- [TASK DESCRIPTION] With the pictures omitted, write out all of the listing exactly.

- [INPUT DATA]
──────────

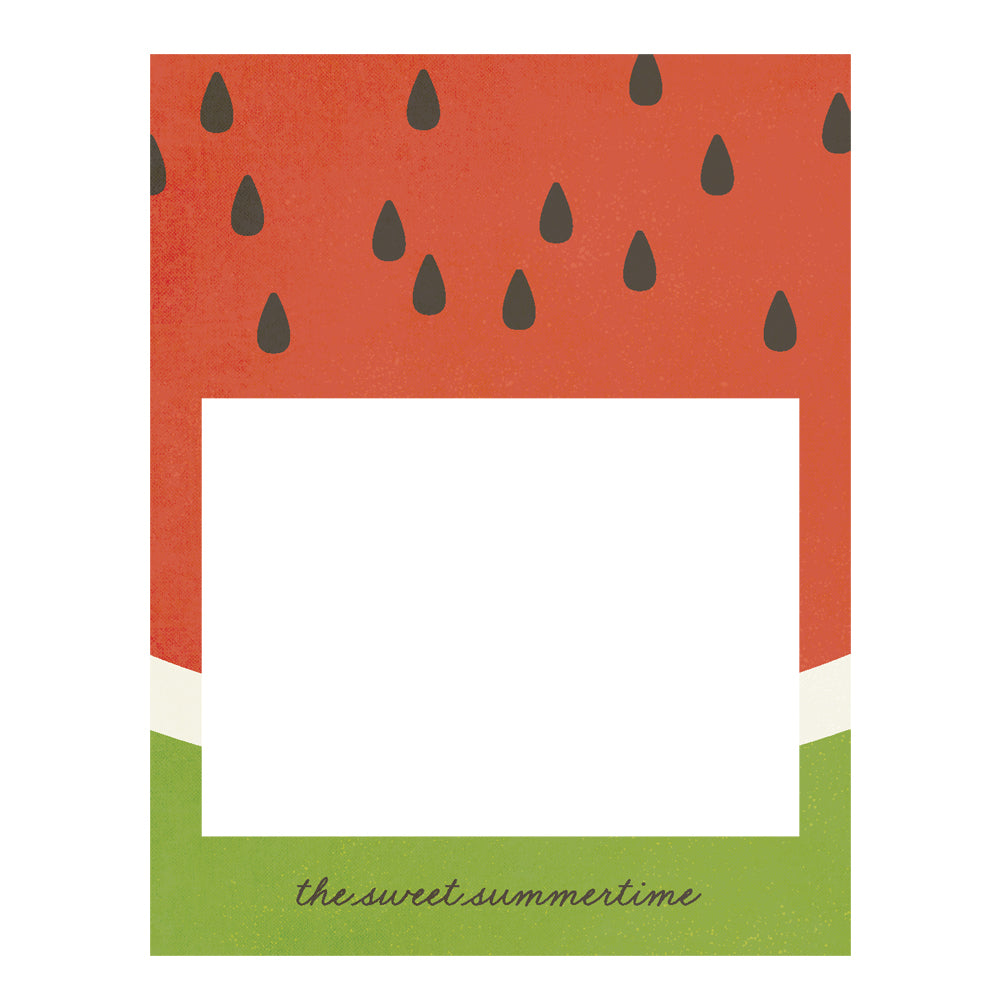 Simple Stories Summer Snapshots Chipboard Frames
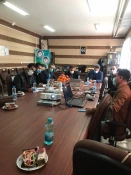 برگزاری اولین جلسه شورای مرکز نوآوری شهرستان نهاوند 5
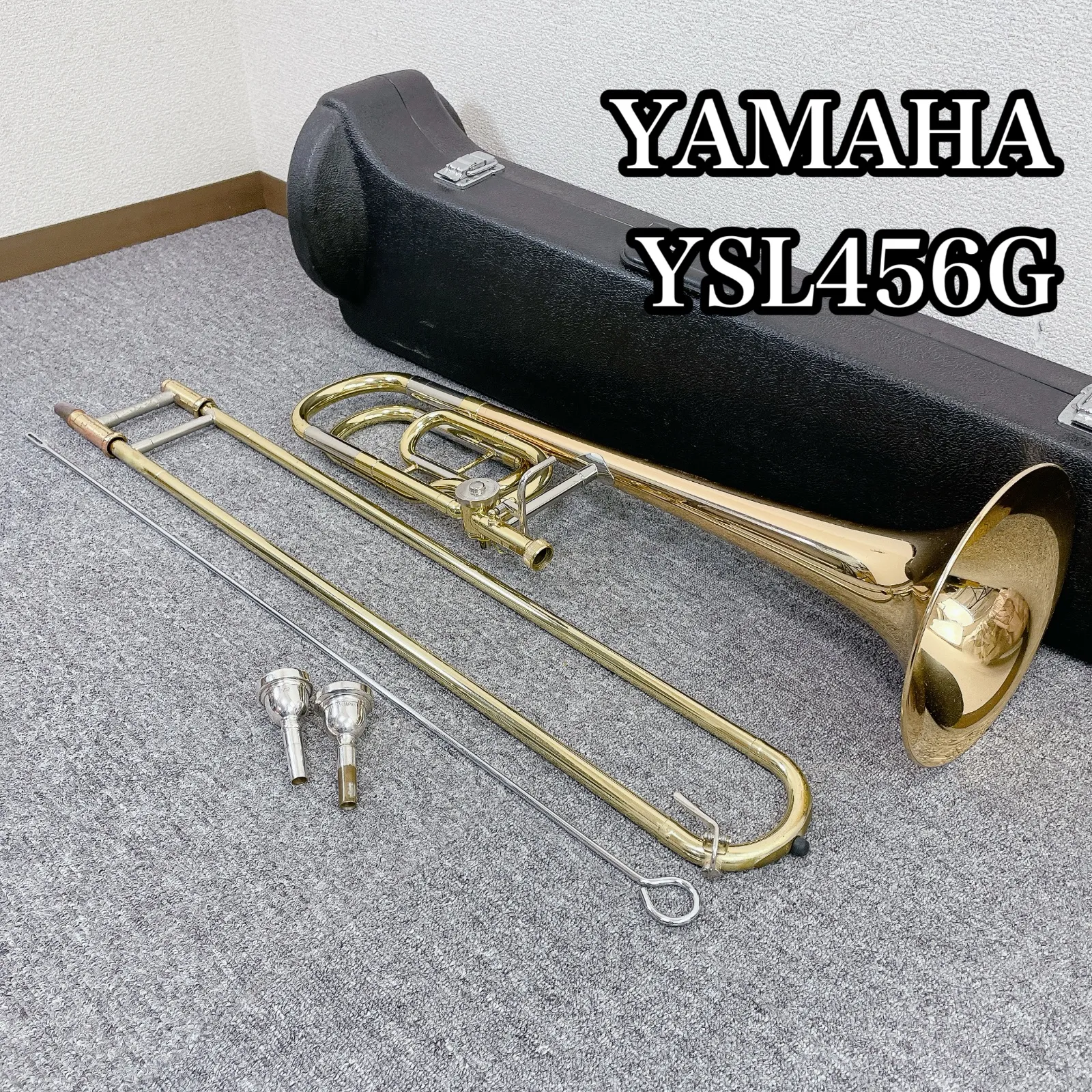 2026年最新】yamaha ysl-456gの人気アイテム - メルカリ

──────────

- [YOUR RESPONSE]
 Simple Stories Summer Snapshots Chipboard Frames
 برگزاری اولین جلسه شورای مرکز نوآوری شهرستان نهاوند 5
 2026年最新】yamaha ysl-456gの人気アイテム - メルカリ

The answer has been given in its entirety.